Great thread, I'm learning all about my Benz Gliders! I've got one of the originals, .9mv output with no letter/number on it, and an H2 which is, I think 2.5mv output. I'm currently using the .9mv OG Glider with a Graham Slee Gram Amp 2SE and a Lounge Copla headamp. It sounds really nice but I feel like I'm not hearing all this cartridge can do. Would the right SUT do, or is the Graham Amp too much of a limitation? And if a SUT would do, which one for this cart? The SUT math just... well it hurts my brain to be honest. Rest of my system is a rewired Rega RB300, Linn LP12, Schiit Aegir, Zu DW6.

It’s impossible to help with your question about using a SUT with a Benz Glider, because there are so many versions of the Glider. Can you be more specific? What is the voltage output and what is the internal resistance or impedance? The original Glider was a high output MC. I found it underwhelming.

Sorry -- should have included the internal impedance as well. Output voltage is .9mv and Internal Impedance is 41 ohms. This is from the spec sheet included with the cartridge.

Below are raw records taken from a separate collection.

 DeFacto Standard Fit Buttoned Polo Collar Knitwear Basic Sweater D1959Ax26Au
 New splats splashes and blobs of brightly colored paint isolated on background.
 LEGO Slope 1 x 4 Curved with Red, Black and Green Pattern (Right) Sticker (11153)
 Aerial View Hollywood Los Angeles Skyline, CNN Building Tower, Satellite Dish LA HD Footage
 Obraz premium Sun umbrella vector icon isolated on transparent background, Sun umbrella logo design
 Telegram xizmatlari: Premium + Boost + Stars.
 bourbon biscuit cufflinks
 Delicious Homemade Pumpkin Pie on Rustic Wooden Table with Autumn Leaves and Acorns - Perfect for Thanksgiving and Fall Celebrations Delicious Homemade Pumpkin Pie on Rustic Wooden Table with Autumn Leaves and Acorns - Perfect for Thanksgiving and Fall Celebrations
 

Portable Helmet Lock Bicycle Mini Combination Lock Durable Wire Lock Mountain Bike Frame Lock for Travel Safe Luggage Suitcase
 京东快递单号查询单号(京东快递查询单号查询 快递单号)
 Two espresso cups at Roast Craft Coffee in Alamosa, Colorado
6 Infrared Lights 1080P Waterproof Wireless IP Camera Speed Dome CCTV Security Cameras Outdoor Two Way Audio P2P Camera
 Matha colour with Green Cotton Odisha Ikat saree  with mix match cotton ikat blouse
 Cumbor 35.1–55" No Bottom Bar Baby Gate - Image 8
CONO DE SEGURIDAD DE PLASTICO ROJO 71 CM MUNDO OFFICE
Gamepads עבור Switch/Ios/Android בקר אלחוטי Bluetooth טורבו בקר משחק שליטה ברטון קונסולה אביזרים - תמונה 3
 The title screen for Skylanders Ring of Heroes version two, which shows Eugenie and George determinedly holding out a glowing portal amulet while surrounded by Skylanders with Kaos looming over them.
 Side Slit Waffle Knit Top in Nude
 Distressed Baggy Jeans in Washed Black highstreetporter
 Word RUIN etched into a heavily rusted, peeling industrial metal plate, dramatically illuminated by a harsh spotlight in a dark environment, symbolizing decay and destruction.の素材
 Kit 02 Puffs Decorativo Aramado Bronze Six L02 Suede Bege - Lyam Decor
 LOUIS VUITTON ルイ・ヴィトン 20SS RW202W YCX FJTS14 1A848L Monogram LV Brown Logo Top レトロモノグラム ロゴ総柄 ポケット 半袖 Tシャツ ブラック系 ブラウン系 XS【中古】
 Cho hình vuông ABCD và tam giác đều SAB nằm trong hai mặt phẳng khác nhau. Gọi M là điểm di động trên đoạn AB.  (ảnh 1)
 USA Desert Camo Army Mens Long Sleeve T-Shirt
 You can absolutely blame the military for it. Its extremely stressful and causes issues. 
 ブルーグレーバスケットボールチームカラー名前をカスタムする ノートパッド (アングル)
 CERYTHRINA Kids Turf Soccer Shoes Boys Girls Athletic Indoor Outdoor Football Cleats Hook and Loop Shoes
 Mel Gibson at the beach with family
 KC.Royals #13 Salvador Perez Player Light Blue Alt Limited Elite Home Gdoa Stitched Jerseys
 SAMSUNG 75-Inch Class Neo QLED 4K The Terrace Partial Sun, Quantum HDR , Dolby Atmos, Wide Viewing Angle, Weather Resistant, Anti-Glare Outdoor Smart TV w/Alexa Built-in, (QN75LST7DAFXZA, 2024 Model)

So if you used a 1:10 SUT, that would work because you would still be OK as far as the ratio of output R to input R. (If the MM phono stage provides a 47K ohm resistance at its input, a 1:10 SUT would result in the cartridge seeing a 470 ohm load, where the load is equal to the MM load resistance (47K) divided by the turns ratio squared, which is in this case, 100. 47,000/100 = 470 ohms, which is a bit more than 10X the 41 ohm internal resistance of the cartridge. However, the phono stage would then have to handle the nominal 9mV output of the cartridge plus SUT. Actually, most MM stages can do that, but beware of overloading the phono stage, because 9mV is correct for a specific stylus velocity. On complex music or during crescendos, the output of the cartridge might far exceed 9mV, and the stage might overload on peaks.